New York City’s Film Forum has announced the US theatrical premiere of the riveting Argentine documentary The Trial / El juicio by Ulises de la Órden, which reveals never-before-seen testimony by victims of Argentina’s dictatorship in the largest trial for crimes against humanity since Nuremberg. The film, which premiered at the 2023 Berlin International Film Festival and was featured at the Museum of Modern Art as part of Doc Fortnight. opens on Friday, September 22, with director de la Órden in attendance on opening weekend.
Last year’s Oscar-nominated feature Argentina, 1985 rekindled interest in Argentina’s murderous military dictatorship (1976-1983). The Trial, based on never-before-seen courtroom footage, is a shocking record of Junta leaders brought to justice in the first major tribunal for crimes against humanity since Nuremberg.
Facing a group of nine former military officers — including the infamous Jorge Rafael Videla, onetime President of Argentina — survivors and parents of the disappeared (los desaparecidos) recount harassment, property theft, kidnapping (high school students abducted during the “Night of the Pencils”), the theft of newborn babies, torture, rape, and mass killings.

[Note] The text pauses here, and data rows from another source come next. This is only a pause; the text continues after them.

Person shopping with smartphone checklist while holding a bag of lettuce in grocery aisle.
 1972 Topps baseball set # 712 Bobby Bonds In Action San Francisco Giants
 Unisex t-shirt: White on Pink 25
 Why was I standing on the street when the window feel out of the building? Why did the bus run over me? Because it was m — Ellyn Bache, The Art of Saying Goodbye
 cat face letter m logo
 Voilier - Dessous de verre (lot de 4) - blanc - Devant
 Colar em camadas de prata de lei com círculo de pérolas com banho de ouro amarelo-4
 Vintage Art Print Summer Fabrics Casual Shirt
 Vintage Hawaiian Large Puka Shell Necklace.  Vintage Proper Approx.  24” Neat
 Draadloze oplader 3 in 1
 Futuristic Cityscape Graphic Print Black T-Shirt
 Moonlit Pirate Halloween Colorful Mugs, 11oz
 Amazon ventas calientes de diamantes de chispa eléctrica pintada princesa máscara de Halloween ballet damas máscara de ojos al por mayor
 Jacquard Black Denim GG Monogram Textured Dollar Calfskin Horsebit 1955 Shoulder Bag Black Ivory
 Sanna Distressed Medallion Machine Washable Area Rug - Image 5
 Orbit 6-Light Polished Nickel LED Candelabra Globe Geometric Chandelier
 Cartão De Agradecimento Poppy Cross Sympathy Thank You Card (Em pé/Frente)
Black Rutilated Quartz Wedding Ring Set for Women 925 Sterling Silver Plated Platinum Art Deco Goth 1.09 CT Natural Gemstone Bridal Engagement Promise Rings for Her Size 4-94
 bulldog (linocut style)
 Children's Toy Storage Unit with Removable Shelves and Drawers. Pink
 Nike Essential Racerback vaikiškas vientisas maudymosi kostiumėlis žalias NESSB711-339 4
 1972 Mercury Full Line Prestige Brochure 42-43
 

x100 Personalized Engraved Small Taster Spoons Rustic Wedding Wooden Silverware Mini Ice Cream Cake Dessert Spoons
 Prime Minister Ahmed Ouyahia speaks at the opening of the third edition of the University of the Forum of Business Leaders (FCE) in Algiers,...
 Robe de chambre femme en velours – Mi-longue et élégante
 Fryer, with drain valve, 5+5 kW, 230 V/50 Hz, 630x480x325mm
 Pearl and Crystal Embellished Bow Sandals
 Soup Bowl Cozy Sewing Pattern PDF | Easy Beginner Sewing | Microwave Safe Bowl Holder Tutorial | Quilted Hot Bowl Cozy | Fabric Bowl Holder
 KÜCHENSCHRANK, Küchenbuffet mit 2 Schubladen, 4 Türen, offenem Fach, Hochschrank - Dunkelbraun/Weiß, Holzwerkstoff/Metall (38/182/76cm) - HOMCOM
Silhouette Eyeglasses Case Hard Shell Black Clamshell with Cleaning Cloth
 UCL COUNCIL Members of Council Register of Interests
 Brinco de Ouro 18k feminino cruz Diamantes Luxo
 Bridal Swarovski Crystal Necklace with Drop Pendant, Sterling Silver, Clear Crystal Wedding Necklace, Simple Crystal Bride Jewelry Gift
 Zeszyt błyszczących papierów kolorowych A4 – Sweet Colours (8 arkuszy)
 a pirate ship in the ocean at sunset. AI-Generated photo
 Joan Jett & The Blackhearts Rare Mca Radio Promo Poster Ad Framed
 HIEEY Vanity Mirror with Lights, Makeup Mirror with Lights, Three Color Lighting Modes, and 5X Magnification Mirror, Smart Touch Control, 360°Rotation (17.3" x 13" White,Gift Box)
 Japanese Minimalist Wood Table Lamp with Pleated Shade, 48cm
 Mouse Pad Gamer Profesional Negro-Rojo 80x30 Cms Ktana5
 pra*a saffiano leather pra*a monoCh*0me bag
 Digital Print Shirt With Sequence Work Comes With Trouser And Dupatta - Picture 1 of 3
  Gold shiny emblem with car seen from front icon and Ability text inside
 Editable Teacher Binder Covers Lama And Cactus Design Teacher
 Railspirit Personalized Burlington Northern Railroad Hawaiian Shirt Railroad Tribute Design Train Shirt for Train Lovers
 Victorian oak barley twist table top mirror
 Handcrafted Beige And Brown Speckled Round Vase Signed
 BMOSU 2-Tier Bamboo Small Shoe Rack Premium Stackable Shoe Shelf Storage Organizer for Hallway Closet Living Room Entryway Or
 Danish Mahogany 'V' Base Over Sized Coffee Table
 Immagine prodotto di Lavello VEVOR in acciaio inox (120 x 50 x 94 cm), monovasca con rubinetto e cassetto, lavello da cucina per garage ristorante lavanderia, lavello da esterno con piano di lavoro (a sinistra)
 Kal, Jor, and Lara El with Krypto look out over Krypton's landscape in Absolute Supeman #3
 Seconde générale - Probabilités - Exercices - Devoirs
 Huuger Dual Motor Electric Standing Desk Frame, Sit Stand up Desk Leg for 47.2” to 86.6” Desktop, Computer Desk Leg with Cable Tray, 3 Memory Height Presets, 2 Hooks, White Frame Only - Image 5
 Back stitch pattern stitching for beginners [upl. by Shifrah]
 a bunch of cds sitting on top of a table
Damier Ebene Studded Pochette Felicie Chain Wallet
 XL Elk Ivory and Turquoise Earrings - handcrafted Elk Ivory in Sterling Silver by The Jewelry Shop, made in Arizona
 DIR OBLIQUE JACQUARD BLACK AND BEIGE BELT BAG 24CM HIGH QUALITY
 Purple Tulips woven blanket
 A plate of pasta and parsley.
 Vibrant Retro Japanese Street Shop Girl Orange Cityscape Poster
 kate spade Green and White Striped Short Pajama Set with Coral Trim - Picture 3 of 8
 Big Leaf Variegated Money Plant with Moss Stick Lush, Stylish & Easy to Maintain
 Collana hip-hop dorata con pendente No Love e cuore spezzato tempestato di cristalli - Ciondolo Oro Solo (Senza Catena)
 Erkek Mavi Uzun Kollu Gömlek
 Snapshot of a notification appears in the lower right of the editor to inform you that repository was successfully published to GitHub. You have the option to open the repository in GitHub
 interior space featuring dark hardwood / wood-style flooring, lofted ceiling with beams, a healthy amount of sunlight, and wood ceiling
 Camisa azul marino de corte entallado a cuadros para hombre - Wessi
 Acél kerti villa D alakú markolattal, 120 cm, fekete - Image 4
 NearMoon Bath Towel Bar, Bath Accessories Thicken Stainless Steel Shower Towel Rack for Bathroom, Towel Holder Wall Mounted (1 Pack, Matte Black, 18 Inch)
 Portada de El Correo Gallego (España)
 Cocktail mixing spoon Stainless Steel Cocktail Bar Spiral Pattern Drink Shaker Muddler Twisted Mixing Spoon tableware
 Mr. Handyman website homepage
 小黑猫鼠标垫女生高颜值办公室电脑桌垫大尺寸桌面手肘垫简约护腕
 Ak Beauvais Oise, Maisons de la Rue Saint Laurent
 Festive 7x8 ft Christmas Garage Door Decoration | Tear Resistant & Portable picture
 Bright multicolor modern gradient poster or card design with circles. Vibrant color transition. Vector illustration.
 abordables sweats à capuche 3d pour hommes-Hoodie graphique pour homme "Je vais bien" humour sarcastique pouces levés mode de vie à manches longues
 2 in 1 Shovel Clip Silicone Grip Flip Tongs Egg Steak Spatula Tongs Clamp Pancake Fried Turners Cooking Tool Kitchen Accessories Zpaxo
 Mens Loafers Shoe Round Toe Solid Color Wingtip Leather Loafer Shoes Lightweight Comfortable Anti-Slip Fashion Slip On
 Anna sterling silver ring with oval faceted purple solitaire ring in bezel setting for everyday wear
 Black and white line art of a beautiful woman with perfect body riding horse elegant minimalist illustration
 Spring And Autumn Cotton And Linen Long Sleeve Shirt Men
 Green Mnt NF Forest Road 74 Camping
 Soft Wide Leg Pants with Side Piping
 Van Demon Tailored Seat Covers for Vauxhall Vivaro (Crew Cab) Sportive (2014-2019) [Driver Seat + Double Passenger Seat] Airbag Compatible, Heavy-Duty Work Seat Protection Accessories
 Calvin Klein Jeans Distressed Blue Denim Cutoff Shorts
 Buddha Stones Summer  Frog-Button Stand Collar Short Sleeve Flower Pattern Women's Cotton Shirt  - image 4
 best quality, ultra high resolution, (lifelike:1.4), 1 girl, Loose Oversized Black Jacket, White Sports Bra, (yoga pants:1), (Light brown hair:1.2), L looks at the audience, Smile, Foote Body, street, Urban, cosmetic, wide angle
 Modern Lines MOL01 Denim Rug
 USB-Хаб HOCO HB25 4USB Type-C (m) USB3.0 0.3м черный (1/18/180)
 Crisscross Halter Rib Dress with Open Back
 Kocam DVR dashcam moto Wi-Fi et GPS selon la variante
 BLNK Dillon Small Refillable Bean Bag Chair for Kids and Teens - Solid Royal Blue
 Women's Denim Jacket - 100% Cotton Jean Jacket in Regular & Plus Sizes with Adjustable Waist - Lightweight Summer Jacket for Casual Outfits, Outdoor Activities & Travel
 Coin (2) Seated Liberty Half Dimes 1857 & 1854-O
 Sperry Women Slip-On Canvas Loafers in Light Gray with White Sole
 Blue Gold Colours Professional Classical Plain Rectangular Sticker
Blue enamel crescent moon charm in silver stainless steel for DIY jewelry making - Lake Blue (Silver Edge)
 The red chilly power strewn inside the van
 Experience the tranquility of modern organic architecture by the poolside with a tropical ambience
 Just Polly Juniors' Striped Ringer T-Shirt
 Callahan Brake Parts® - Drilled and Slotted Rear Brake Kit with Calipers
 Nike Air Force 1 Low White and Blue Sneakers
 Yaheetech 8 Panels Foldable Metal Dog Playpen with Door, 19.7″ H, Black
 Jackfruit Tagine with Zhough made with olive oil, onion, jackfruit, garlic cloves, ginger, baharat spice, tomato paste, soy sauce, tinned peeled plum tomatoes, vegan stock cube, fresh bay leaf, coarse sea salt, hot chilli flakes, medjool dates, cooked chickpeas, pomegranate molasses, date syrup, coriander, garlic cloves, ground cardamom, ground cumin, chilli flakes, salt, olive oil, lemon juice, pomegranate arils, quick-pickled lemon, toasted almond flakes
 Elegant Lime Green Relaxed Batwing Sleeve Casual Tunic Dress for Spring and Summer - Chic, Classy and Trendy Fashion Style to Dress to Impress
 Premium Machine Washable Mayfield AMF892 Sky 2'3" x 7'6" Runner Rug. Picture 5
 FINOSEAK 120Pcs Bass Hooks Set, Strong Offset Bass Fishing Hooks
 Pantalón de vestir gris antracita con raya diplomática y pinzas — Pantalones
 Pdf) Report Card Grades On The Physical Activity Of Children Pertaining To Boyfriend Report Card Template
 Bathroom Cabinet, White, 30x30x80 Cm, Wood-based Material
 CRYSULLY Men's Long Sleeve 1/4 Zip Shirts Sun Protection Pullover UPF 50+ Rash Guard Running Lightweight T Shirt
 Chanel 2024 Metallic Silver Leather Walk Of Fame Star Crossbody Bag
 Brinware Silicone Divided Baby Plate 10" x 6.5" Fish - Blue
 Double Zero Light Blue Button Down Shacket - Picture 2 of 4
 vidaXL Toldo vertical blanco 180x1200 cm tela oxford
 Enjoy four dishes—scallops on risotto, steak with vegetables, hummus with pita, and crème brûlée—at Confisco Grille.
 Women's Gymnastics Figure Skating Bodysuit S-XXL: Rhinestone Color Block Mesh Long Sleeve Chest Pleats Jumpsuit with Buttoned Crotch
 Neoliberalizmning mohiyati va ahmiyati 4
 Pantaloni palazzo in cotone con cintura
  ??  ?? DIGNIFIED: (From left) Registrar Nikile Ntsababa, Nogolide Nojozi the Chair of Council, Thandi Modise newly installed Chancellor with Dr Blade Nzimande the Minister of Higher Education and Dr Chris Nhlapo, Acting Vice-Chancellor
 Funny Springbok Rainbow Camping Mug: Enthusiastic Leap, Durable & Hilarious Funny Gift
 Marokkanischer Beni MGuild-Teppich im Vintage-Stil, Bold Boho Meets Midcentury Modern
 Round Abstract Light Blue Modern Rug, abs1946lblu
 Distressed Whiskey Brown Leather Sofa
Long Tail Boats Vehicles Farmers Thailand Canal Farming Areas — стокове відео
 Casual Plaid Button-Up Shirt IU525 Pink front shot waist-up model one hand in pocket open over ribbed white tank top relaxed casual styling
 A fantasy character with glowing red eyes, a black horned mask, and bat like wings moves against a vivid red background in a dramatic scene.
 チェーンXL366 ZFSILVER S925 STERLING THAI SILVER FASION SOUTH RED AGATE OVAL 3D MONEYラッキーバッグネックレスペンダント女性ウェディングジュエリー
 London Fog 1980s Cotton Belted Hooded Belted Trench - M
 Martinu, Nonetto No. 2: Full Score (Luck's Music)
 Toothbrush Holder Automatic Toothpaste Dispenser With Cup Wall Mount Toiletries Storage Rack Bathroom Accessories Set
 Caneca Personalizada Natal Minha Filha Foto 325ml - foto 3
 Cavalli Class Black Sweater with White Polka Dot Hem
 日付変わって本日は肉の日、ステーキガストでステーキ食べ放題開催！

The defense testifies that their “dirty war” was a response to subversives and leftist terror. The chief prosecutor legendarily ends his closing argument: “¡Nunca más!”
The Trial is constructed in two parts, organized by thematic clusters from 530+ hours of testimony footage (composed entirely of video shot during the proceedings, captured on two stationary video cameras). The recordings, initially stashed from public reach by trial judges, sat in Norwegian government vaults in Oslo for more than two decades before being rediscovered.